It's been a while since I've had the opportunity to blog so when I decided to install HDInsight on a VM, I figured what better opportunity to get back in the swing of it.
The Jumping Off Point
To get things started, I am using VirtualBox as my VM host and I am running a fully patched (all 150+ of them) version of Windows Server 2008R2. Not that its relevant, but to be thorough, I've also installed SQL Server 2012 SP 1 as it will be used in subsequent blogs.
A Tale of Two Installers
Before we dive in to the click-by-click walkthrough, it is important to understand that the HDInsight install actually consists of two separate installs. Technically, as you will see if you are installing it on a clean VM, there are actually a number of pre-requisites ranging from IIS to Python, but the two key ones are HortonWorks Data Platform and HDInsight.
The HortonWorks Data Platform is the core implementation of Hadoop. It includes HDFS, Map Reduce, Hive, Pig and HCatalog among others. The HDInsight installer on the other hand includes the HDInsight dashboard, Sqoop, Isotope.js, the sample materials that are available and PowerShell scripts to initialize the instance and configure the Head Node.
For those of us that live, breathe and bleed in the Microsoft world, the benefit of having two separate installers is obvious. Two standalone products can be updated on different intervals and since HDInsight is v0.0001 preview, a bad release won't cause you to lose your cluster. Awesome, if you ask me. Just remember that if you decide to punt on the HDInsight experiment, uninstall both the Hadoop Data Platform and HDInsight to completely remove it.
Step by Step Installation
1. HDInsight installed from the Web Platform Installer (WebPi). If WebPi is not installed on your machine you can install it by navigating to the following link: http://www.microsoft.com/web/downloads/platform.aspx
2. After you have installed and then launched WebPi, simply search for HDInsight and then click Add. Begin the installation process by clicking the Install button.

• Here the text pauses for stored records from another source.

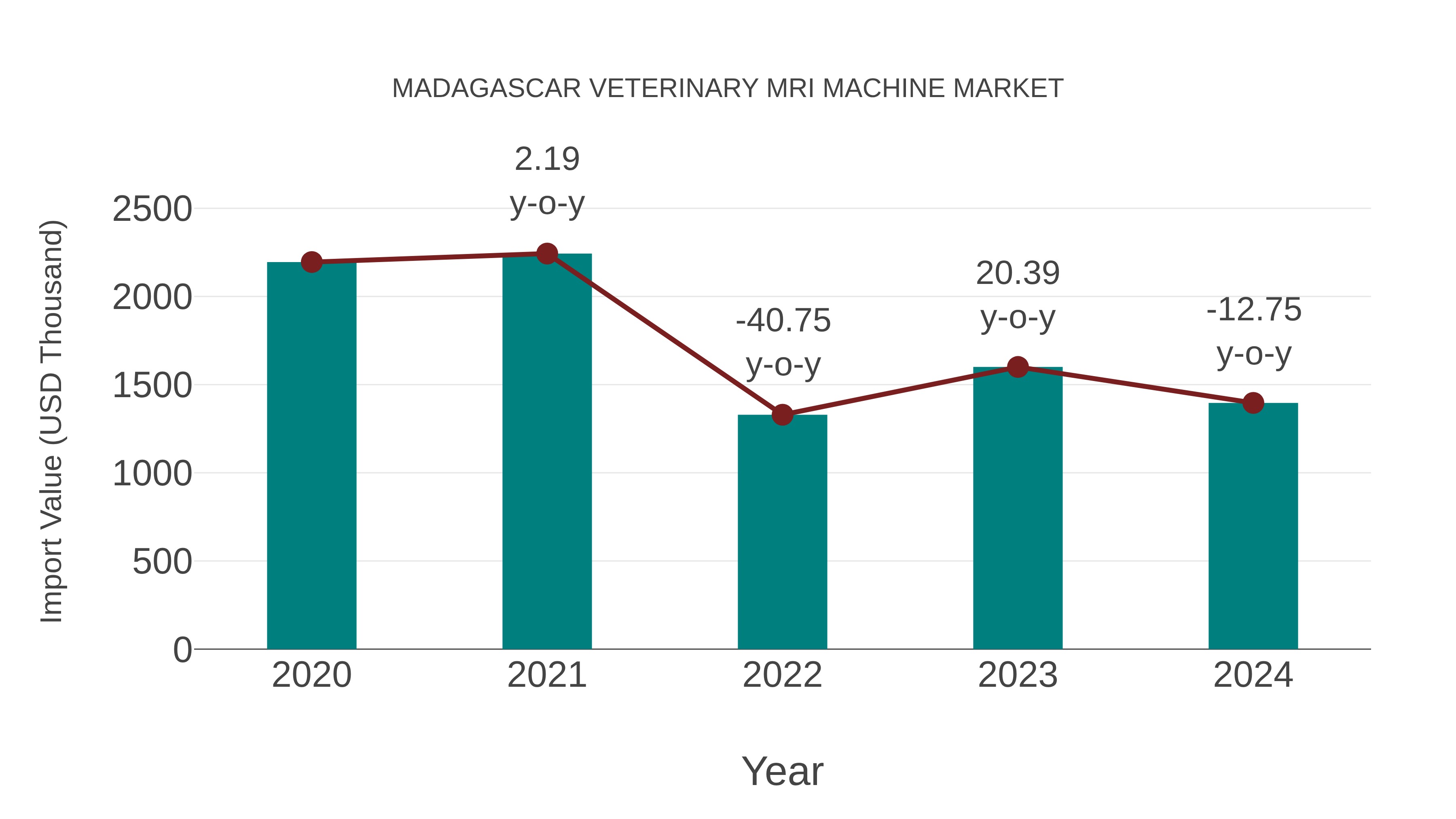  Madagascar Veterinary Mri Machine Market: Import Trend Analysis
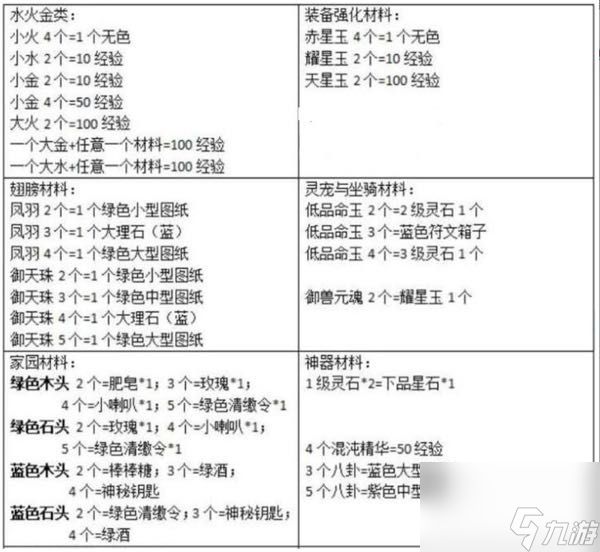 轩辕传奇归元鼎所有配方合成表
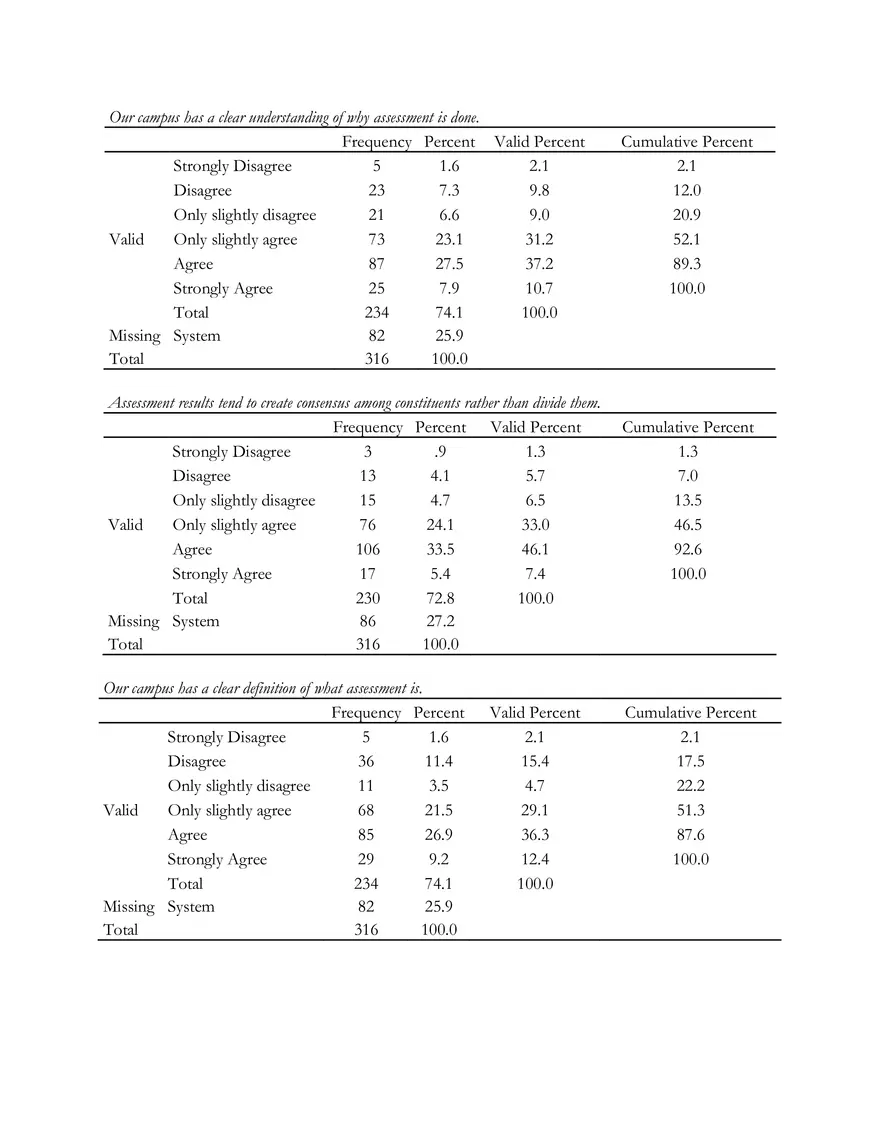 Percent of Representation Comparisons - Page 11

3. When the install process has started, you will be presented with a list of prerequisites which must be installed for HDInsight to function. The list of the prereqs may vary from machine to machine. As you can see by scrolling through the list HDInsight has multiple dependencies on IIS as well as on the Horton Data Platform previously discussed. Click the I Accept button to install the HDInsight and its dependencies.
4. The installer may take some time to progress through all the dependencies and a restart may be required if you do not have the Microsoft .Net 4.5 framework installed on your machine.
5. If a restart is required, the installation will automatically pick up where is left off. You may notice several command shell windows open and close at the installers set-ups both Python and the Hortonworks Data Platform before finally installing HDInsight.
6. When the installation is finished, you are presented an option to configure your installation. Clicking the Configure button launches the HDInsight Dashboard.
7. Browser your new Hadoop cluster by clicking on the local (hdfs) tile.
I experienced only one issue during the installation process. The first time I click the tile to view my cluster, I received an error saying the Page Cannot Be Displayed. A little research identified the problem which was the result of all the Apache services being stopped. I also noticed that all the services where set to manual. I changed the configure to automatic and started all the Apache services which resolved the issue.
There are two commands (start-onbox and stop-onebox) in the c:\Hadoop folder that call PowerShell scripts to perform the same task as above.
That's all it takes to get your own HDInsight/Hadoop cluster up an running!
Till next time,